» **Brief**
Below are the records; give again exactly the lines from the one containing "カラーコード: HEX #1BDD5E | qconv.com" through the one containing "Play Doh Favorite", leaving out pictures.

» **Data listing**
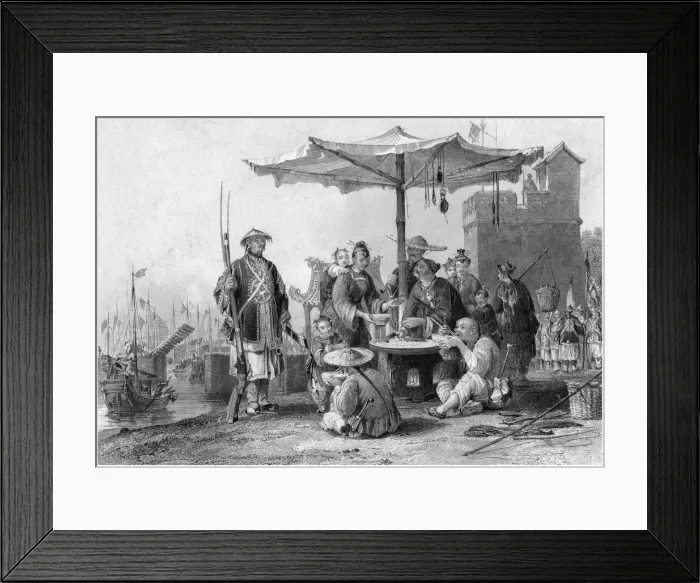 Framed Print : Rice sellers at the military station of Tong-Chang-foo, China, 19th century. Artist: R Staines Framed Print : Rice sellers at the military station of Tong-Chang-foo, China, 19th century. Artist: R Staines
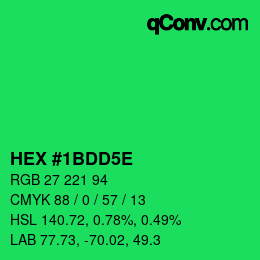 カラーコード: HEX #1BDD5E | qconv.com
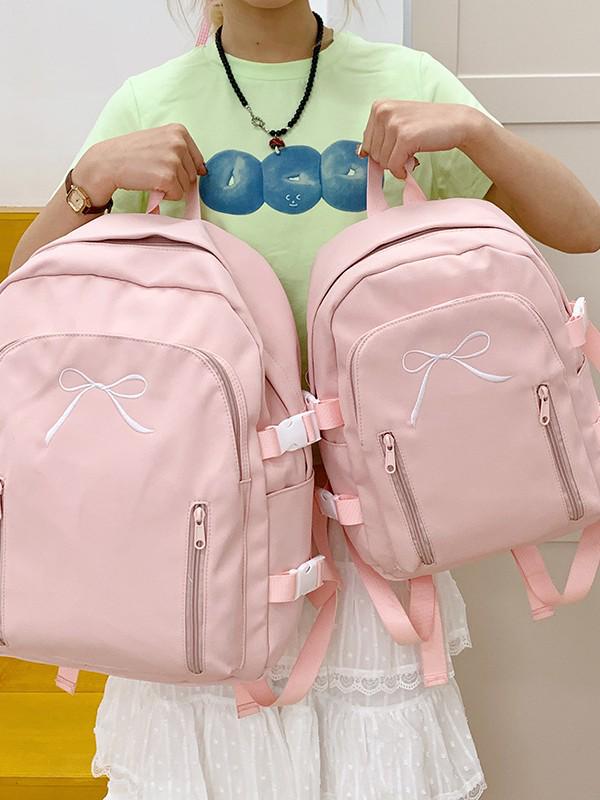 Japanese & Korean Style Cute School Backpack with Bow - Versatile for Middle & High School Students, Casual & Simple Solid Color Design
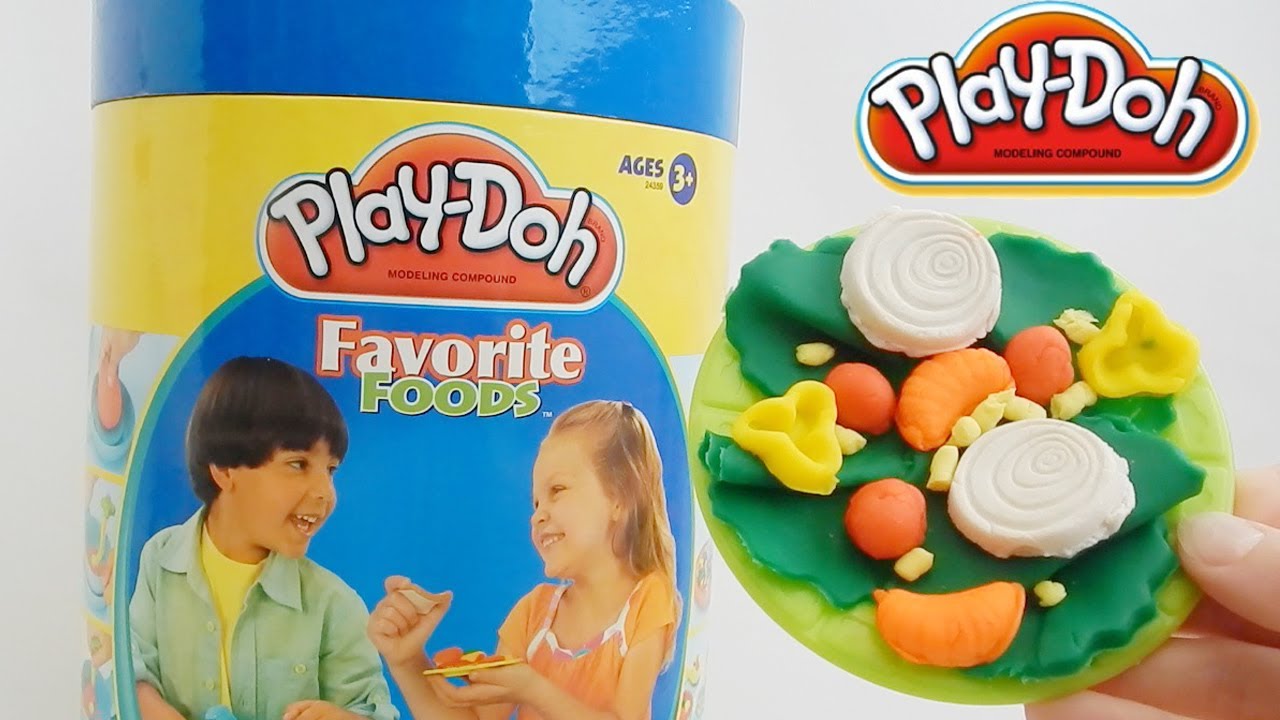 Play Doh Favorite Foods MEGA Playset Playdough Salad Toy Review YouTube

--

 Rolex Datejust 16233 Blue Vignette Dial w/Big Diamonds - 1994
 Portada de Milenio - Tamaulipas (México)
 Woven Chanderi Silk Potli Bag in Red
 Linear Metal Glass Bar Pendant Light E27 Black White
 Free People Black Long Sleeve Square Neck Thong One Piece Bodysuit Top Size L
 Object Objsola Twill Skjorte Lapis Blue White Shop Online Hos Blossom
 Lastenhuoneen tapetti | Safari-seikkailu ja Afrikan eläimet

» **Solution to this problem**
 カラーコード: HEX #1BDD5E | qconv.com
 Japanese & Korean Style Cute School Backpack with Bow - Versatile for Middle & High School Students, Casual & Simple Solid Color Design
 Play Doh Favorite Foods MEGA Playset Playdough Salad Toy Review YouTube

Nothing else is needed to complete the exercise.